» THE PROBLEM:
Reproduce the data exactly and drop any pictures it holds.

━━━ DATA PROVIDED ━━━

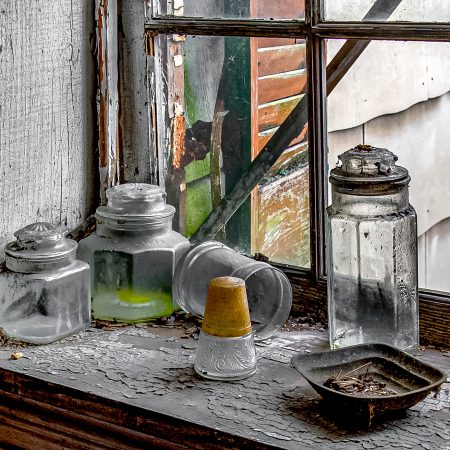 A still life of forgotten kitchen glassware resting on a sill of peeling paint.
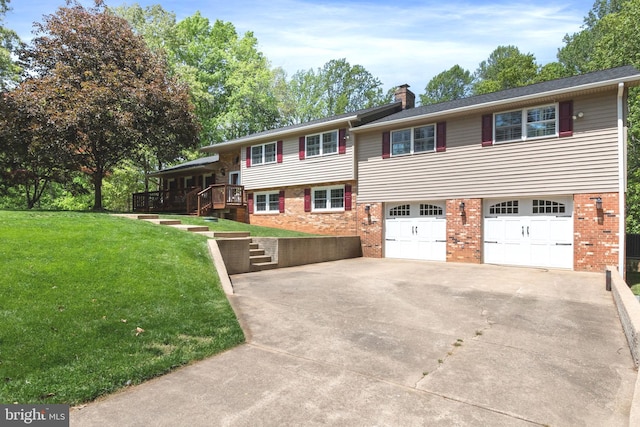 16 Tolson Ln, Stafford, VA 22556 - split level home featuring a chimney, brick siding, a front lawn, concrete driveway, and an attached garage
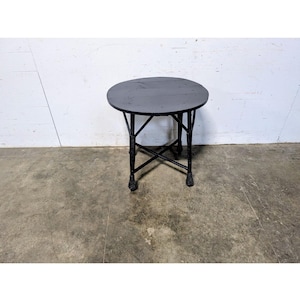 Puede incluir: Una pequeña mesa redonda negra con un acabado oscuro. La mesa tiene una base decorativa con soportes entrecruzados y patas ornamentadas. La mesa tiene aproximadamente 61 cm de diámetro y 51 cm de alto, adecuada para espacios pequeños.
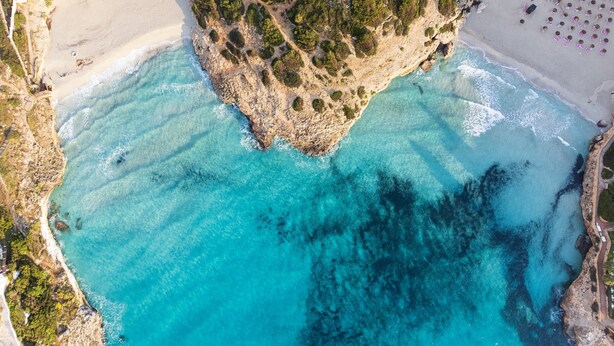 An aerial view of a coastal area with a sandy beach, clear turquoise waters, and a rocky outcrop with dense greenery. - Cala Domingos Apartments (Manacor)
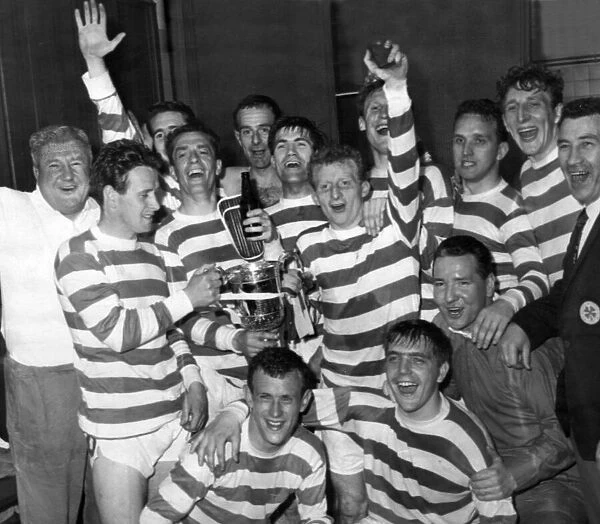 Victory celebrations for Celtic as they display the Scottish Cup they have just won by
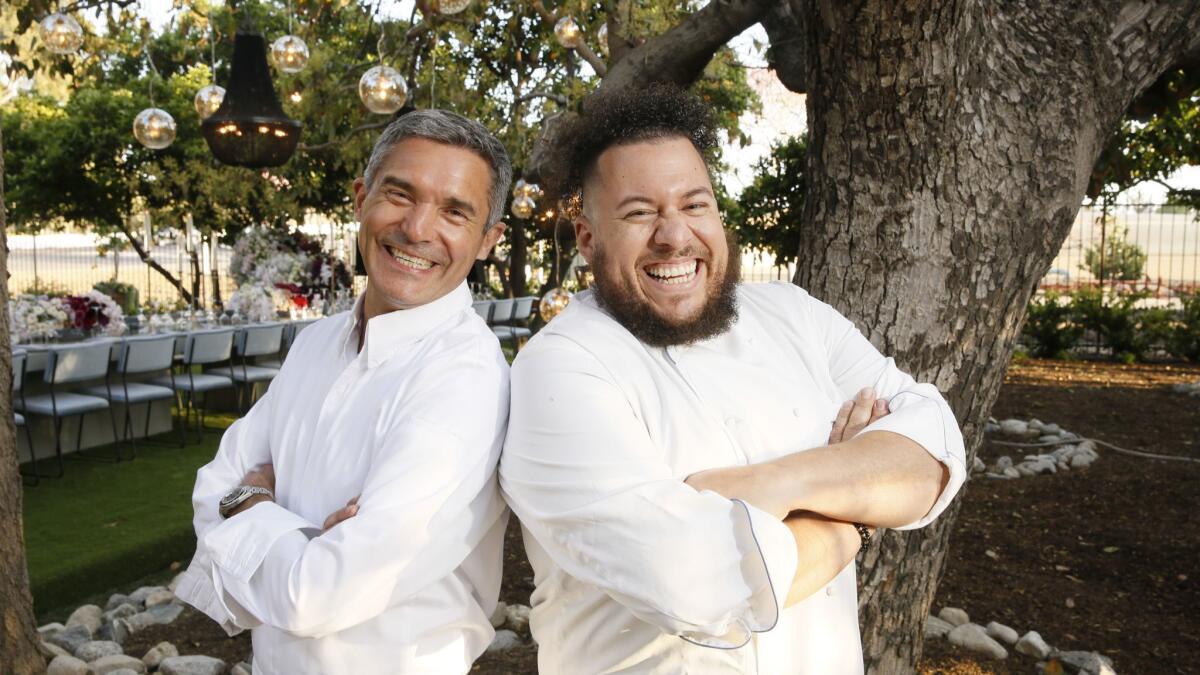 Chefs Tony Esnault, left, and Amar Santana pose for a photo before a special dinner at the Segerstrom home ranch property that heralded two new restaurants coming to South Coast Plaza: Santana’s The Hall Global Eatery and Esnault’s Knife Pleat.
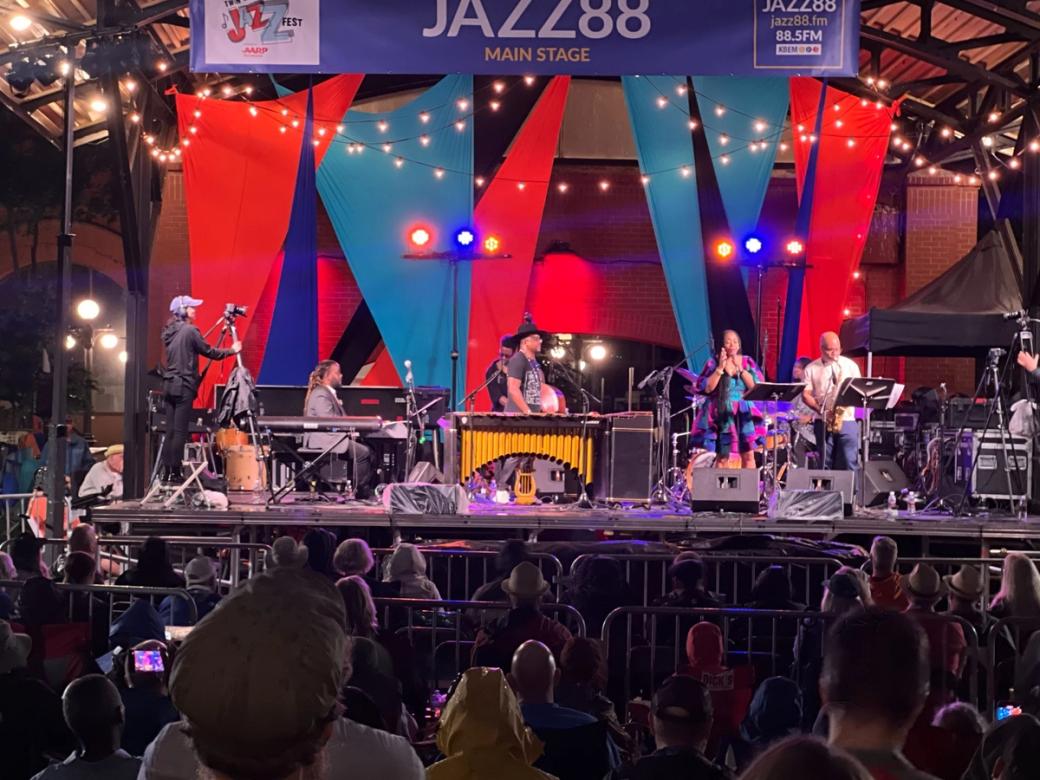 Several musicians on stage, viewed from the audience. Large blue and red pennant flags and a brick wall are behind the musicians.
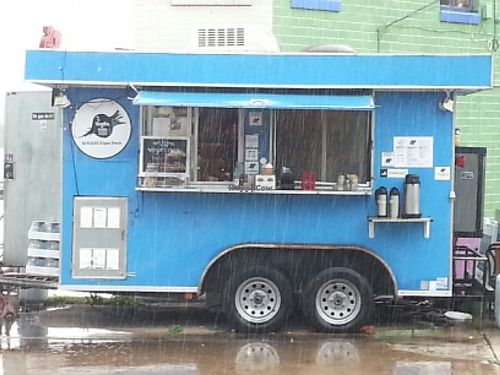 food in the rain at The Vegan Nom Food Truck - North Loop in Austin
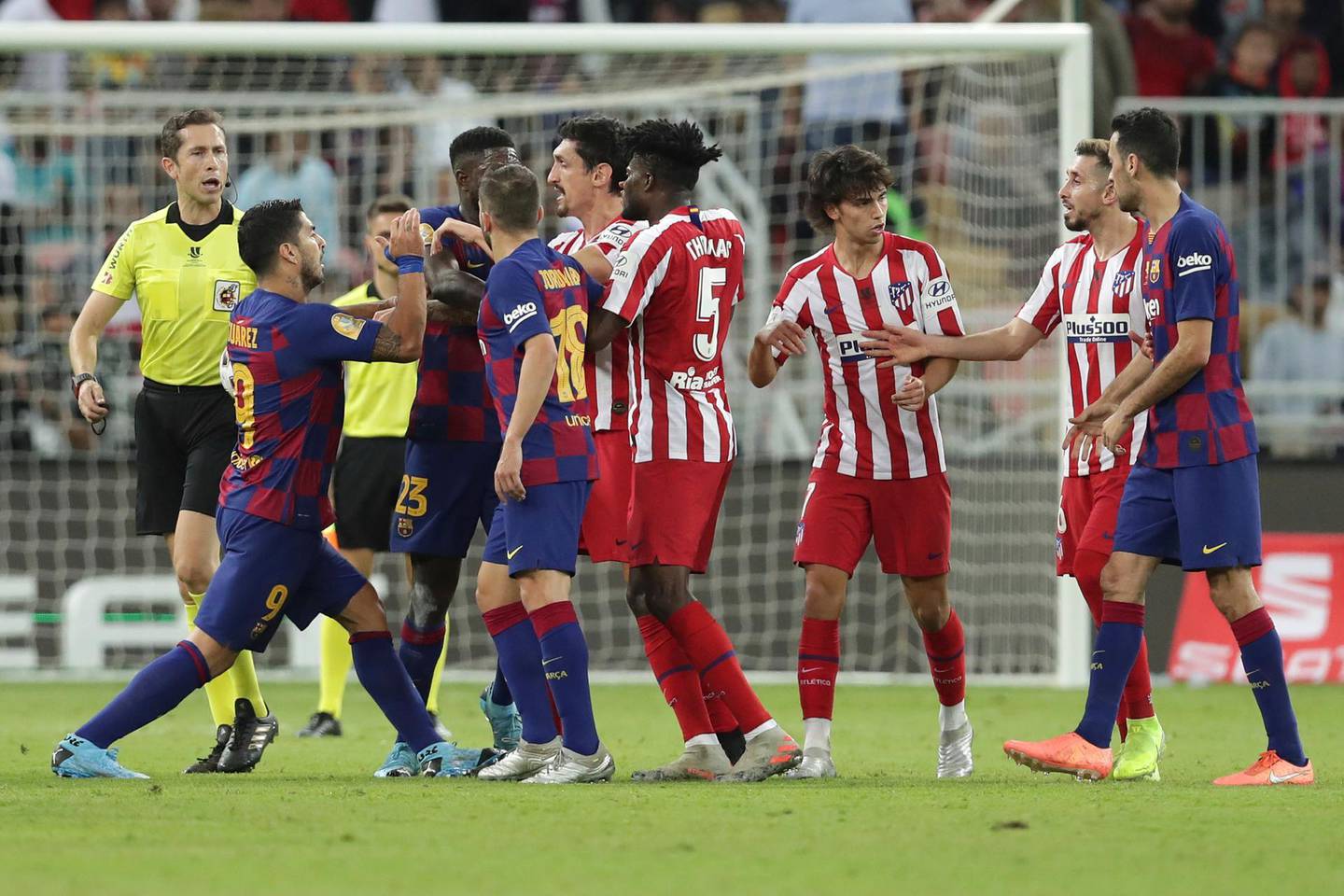 Barcelona's Luis Suarez, left, fights with Atletico Madrid's Stefan Savic, center, during the Spanish Super Cup semifinal soccer match between Barcelona and Atletico Madrid at King Abdullah stadium in Jiddah, Saudi Arabia, Thursday, Jan. 9, 2020. (AP Photo/Hassan Ammar)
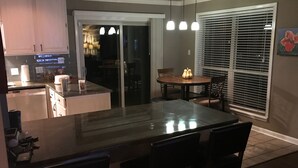 A kitchen with a central island, dining area with chairs, and a window with blinds. - House on Lake Hamilton Sleeps 17 in beds (Hot Springs)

━━━

» WRITTEN ANSWER:
 A still life of forgotten kitchen glassware resting on a sill of peeling paint.
 16 Tolson Ln, Stafford, VA 22556 - split level home featuring a chimney, brick siding, a front lawn, concrete driveway, and an attached garage
 Puede incluir: Una pequeña mesa redonda negra con un acabado oscuro. La mesa tiene una base decorativa con soportes entrecruzados y patas ornamentadas. La mesa tiene aproximadamente 61 cm de diámetro y 51 cm de alto, adecuada para espacios pequeños.
 An aerial view of a coastal area with a sandy beach, clear turquoise waters, and a rocky outcrop with dense greenery. - Cala Domingos Apartments (Manacor)
 Victory celebrations for Celtic as they display the Scottish Cup they have just won by
 Chefs Tony Esnault, left, and Amar Santana pose for a photo before a special dinner at the Segerstrom home ranch property that heralded two new restaurants coming to South Coast Plaza: Santana’s The Hall Global Eatery and Esnault’s Knife Pleat.
 Several musicians on stage, viewed from the audience. Large blue and red pennant flags and a brick wall are behind the musicians.
 food in the rain at The Vegan Nom Food Truck - North Loop in Austin
 Barcelona's Luis Suarez, left, fights with Atletico Madrid's Stefan Savic, center, during the Spanish Super Cup semifinal soccer match between Barcelona and Atletico Madrid at King Abdullah stadium in Jiddah, Saudi Arabia, Thursday, Jan. 9, 2020. (AP Photo/Hassan Ammar)
 A kitchen with a central island, dining area with chairs, and a window with blinds. - House on Lake Hamilton Sleeps 17 in beds (Hot Springs)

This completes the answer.